The advantage of the House of Lords is that it is a repository of experience and wisdom that may not be found in the elected Commons at any given time. I have no problem with abolishing the hereditary element, and it is a great shame that peerages have often been awarded for quite the wrong reasons, but don’t we need a recognised system to use the experience and wisdom of people who may not have been mere career politicians?
We could have a Senate for that purpose. The Irish seemed to have affected this quite well.
I can’t see that the remaining hereditary peers have added much since 1999. It is time for them to go.
But that leaves undone wider reform of both houses. We still have one house elected entirely by first-past-the-post and the second wholly reliant on political patronage for their life tenure.
Total abolition? You support a unicameral legislature, Richard? Or would you replace it with something else?
I can see some advantage in a slower, more deliberative process, with a second chamber constituted on a different democratic basis, with the ability to make the first chamber think again.
I support proportional representation for a lower house. I think there is an advantage to having a second chamber. I think the members should be elected for a a single long term of up to 15 years, although ten is possible. They should not be capable of holding government positions. Their role should be advisory and not anything more than that.
We live in a country where if you are a job-seeker and you fail to to attend a job interview, your benefit is cut but where also if you are in a position of prestige or fealty, you are paid or rewarded well in some way to accept reasonable change even though what you do is not subject to any form of democracy or review of performance or gained by anything other than what exactly?
I say again, in all seriousness this is not a democratic system. Democracy in the United kingdom does not actually exist. It is actually parliament that is the figurative head of state – not the king.
Let’s hope its sequential change, bit by bit, agree the dead stoat society has gotta go.
Demos Kratos – People Rule.
Not patricians, patriarchs, or plutocrats.
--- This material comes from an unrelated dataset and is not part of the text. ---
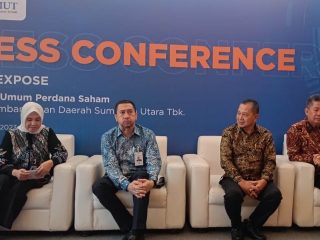 DIREKSI BANK SUMUT - (Dari Kiri - Kanan) Direktur Keuangan dan TI, Arieta Aryanti; Direktur Kepatuhan, Eksir; Plt Dirut/Direktur Pemasaran, Hadi Sucipto; Direktur Bisnis dan Syariah, Irwan, diabadikan dalam proses konferensi pers, di JW Marriott Medan, Senin (9/1/2023). (kaldera/wan)
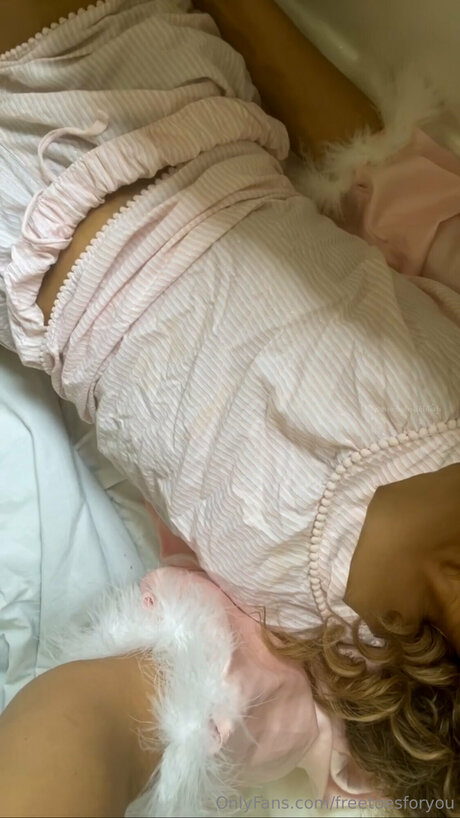 Freetoesforyou beautiful pornstar img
Labour’s surefire recipe for government – take any Starmer pledge (manifesto commitments may be substituted) and dilute with unlimited quantities of lukewarm water. Discard the original pledge/commitment. Whisk water to a froth with large helping of PR cream-substitute, and decorate with icing. Store for several years. Serve, once everyone has forgotten about the original pledge/commitment.
Pierage – they should be taken to the end of one! You are absolutely correct the deal is a sordid one and again gives the lie that we live in a democracy, Typical LINO politics.
In principle and in practice, the House of Lords is undemocratic. It needs to go. Despite the decline and insignificance of the Tory Party, they are still the largest party in the Lords. That cannot be allowed to continue.
https://lordslibrary.parliament.uk/house-of-lords-data-dashboard-membership-of-the-house/
There is also the question of what might happen after the next election.
What if Reform were the Government? I assume they would create hundreds of peers to get their legislation through. Given how they have backtracked on PR, I can easily imagine Reform creating several hundred peers to dominate the undemocratic House of Lords.
What then, if five years later, Reform are voted out? What would Labour do – assuming they got back in (I know its unlikely given the current trajectory of Labour, but this is hypothetical). Faced with a Reform/Tory dominated House of Lords? Would Labour then create a thousand peers, so they can govern?
It’s farcical and undemocratic.
The Greens have said they would abolish it, and replace it with a democratically elected chamber. Another reason why they are a better vote than Labour right now.
Time to be rid of the House of Lords. If the Lords themselves think they have something to offer, they can stand for election to a second chamber.